An executive from the TV industry once told me that young enthusiastic techies like myself had been explaining to him how new technology would radically change the TV business for over ten years. This conversation took place over five years ago! His point was, and I suppose still is, that for fifteen years, waves of technical change have only reinforced the basic pay TV model. The still topical world recession hasn’t dented their subscriber numbers.

Let me revisit the content navigation issue once more. Beyond the sheer mass of available content where Google’s search will solve problems, the problem is also going to be about home networks. There’s no point having a great search engine if it cannot index the content on all the different devices in the home. Google is no better equipped than others to achieve seamless home networking. In fact, some like the proponents of the DLNA standard are probably better equipped for this.

I’ll end with lack of clarity from Google TV’s positioning.

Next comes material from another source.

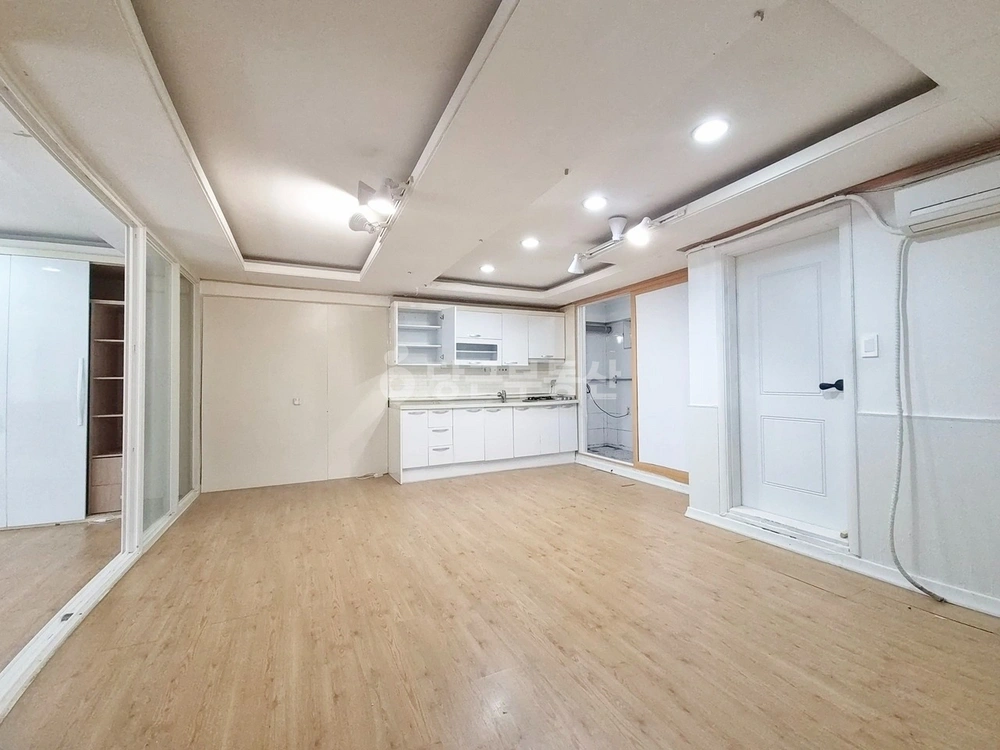 서울특별시 강남구 역삼동 원룸 사진 1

Google champions the search paradigm where revenue is generated from advertising. With it’s Android operating system, Google is moving also into the iTunes/Appstore model where revenue is generated from the sale of apps. It’s not clear to me how Google will be able to play both hands simultaneously on the TV.

A blog entry by Vintner: If Google TV were a bicycle, I'm a fish also points to the lack of clarity. This fun read states that Google is no longer a start-up and that pushing technology is no longer enough, even if it’s cool technology.

Indeed, there’s already too much technology in the crowded TV space. What the industry desperately needs are viable business models to enable OTT content flows to complement - rather than replace  - existing pay TV platforms. So Google, please put your TV technology back in the R&D lab where it belongs and bring us the tools to find & monetise video from the web on the TV.